Jacksonville’s municipal airport is served by an average of 34 commercial airliners each day. New York is six hours and Chicago less than eight hours away by air. Southbound planes connect with Pan-American Lines at Miami, providing rapid transportation to Latin American countries.
The nation’s largest railway express terminal is located in Jacksonville. It has 131,000 square feet of floor space of recent construction, with a capacity for 25 70-foot express cars. It handles more than 20,000 shipments per day all the year round.
Retail sales in the city during 1939 totaled $58,153,000 and wholesale dollar volume was $153,606,000. The figures for 1940 are expected to be many millions more.

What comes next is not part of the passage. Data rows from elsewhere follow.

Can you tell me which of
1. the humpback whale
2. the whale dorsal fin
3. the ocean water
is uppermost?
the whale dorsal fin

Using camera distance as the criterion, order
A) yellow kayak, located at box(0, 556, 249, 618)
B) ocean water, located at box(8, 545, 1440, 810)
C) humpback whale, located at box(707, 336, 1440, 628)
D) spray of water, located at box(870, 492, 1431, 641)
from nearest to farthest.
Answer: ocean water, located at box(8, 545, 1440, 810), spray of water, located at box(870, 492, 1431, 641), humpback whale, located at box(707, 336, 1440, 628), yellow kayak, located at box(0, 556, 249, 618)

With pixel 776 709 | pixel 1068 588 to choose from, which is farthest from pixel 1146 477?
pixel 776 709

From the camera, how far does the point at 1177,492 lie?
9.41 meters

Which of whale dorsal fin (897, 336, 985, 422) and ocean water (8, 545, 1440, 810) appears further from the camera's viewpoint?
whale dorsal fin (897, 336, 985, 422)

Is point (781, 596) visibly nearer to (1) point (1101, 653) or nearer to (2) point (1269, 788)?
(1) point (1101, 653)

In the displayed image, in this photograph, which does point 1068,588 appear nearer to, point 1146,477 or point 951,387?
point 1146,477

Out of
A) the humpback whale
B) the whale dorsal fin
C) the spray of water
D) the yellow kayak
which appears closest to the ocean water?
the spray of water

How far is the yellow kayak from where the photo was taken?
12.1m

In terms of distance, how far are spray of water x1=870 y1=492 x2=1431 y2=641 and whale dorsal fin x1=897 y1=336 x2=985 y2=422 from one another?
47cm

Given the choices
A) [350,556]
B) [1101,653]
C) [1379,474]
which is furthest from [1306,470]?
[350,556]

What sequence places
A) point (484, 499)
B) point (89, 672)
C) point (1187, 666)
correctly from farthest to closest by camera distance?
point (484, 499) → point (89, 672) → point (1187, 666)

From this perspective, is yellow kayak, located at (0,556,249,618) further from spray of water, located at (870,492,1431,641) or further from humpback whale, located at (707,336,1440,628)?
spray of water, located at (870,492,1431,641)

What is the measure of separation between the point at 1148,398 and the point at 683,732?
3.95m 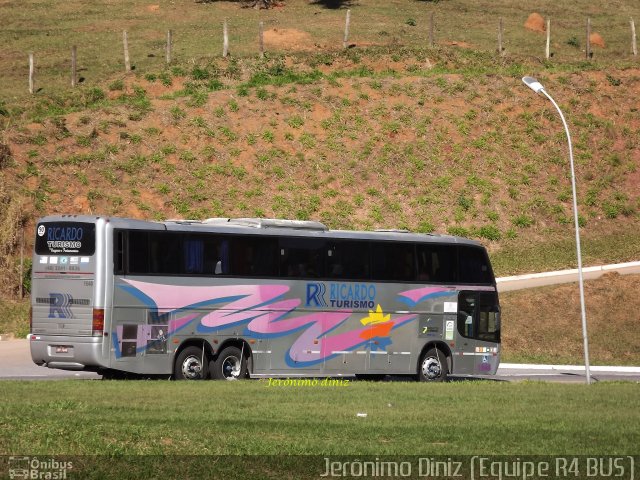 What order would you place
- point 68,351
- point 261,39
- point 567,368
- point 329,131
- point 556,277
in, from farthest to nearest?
point 261,39 < point 329,131 < point 556,277 < point 567,368 < point 68,351

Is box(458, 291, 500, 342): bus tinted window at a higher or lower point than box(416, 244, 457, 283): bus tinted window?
lower

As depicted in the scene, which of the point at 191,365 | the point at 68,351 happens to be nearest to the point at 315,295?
the point at 191,365

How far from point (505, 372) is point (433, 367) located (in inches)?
233

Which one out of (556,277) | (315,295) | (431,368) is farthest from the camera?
(556,277)

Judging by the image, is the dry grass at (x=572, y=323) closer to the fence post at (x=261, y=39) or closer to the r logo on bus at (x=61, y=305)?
the r logo on bus at (x=61, y=305)

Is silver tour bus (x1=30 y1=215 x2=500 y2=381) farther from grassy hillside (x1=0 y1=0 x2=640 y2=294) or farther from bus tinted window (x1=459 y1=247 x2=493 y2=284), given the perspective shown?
grassy hillside (x1=0 y1=0 x2=640 y2=294)

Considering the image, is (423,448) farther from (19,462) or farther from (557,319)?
(557,319)

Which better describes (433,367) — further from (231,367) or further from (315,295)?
(231,367)

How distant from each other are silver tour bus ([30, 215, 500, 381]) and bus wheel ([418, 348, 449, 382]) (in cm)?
3

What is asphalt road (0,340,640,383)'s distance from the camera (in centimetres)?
3067

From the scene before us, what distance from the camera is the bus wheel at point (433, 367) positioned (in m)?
31.7

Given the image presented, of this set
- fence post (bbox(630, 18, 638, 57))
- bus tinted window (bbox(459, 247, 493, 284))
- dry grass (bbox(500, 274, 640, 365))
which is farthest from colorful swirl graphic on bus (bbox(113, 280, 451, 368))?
fence post (bbox(630, 18, 638, 57))

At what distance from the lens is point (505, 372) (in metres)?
36.9

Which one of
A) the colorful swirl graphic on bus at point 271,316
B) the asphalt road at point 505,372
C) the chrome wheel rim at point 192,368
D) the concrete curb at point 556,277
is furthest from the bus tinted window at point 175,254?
the concrete curb at point 556,277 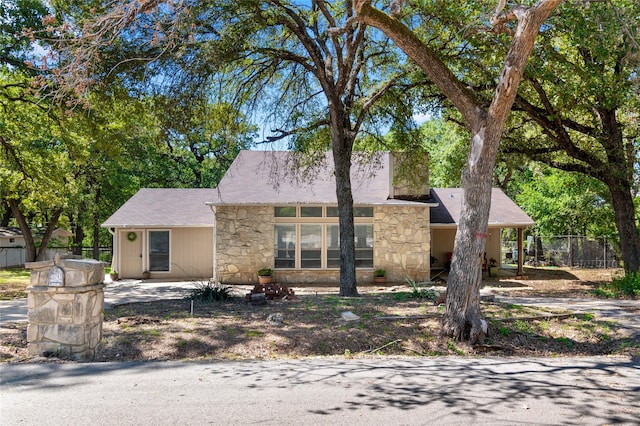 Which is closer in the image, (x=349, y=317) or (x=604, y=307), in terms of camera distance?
(x=349, y=317)

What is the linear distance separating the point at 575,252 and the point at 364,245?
505 inches

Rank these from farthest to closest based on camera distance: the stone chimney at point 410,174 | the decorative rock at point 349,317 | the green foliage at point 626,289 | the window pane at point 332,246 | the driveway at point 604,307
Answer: the window pane at point 332,246
the stone chimney at point 410,174
the green foliage at point 626,289
the driveway at point 604,307
the decorative rock at point 349,317

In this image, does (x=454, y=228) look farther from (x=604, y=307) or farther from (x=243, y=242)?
(x=604, y=307)

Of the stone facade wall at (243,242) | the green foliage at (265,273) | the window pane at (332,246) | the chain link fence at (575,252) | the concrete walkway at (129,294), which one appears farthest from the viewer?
the chain link fence at (575,252)

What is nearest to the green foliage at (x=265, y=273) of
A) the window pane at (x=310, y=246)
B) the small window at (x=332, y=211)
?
the window pane at (x=310, y=246)

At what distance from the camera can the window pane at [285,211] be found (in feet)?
54.0

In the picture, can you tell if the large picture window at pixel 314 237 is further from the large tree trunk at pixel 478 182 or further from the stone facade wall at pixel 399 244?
the large tree trunk at pixel 478 182

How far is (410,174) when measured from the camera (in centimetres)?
1442

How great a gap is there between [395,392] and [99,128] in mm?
11093

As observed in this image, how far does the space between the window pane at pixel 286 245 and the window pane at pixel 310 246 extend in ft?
0.99

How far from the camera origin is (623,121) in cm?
1580

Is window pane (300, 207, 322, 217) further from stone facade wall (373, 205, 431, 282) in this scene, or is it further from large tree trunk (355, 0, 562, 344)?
large tree trunk (355, 0, 562, 344)

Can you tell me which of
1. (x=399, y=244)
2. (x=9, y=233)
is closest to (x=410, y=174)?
(x=399, y=244)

From a financial point of view, Jacksonville is the banking stronghold of Florida. It has three large national banks and a Federal Reserve Bank branch. Each bank has strong correspondent banks in all important cities of the country. Two members of the New York Stock Exchange operate branch offices and boards here with direct wires to the trading centers of the nation.
The principal manufacturing and processing in Jacksonville are lumber and millwork, pulp and paperboard, naval stores, pine tar products, cigars, chemical products, glass bottles, shipyards, gypsum products, meat packers, warehouse and refrigeration plants, and citrus fruit farms. The world’s largest factory under one roof is here.
Jacksonville is best known today for the great part it now is playing and will play in the defense program.
Thirty miles to the south is the $27.5 milion Camp Blanding, one of the nation’s largest training camps. When finished it is expected to house 65,000 men. The monthly payroll for both civilians and soldiers now numbers $3 million, most of which finds its way into the large metropolis of Jacksonville. The workers and soldiers have achieved an excellent reputation for keeping the greenbacks in circulation.
Not to be outdone, the Navy is completing on the outskirts of the city the largest airbase and training station under the Stars and Stripes. More than $25 million has already been spent in the construction of this magnificent air fortress. The civilian and service payroll at this base will soon amount to $1 million a month. When finished, it will have facilities for 20,000 men.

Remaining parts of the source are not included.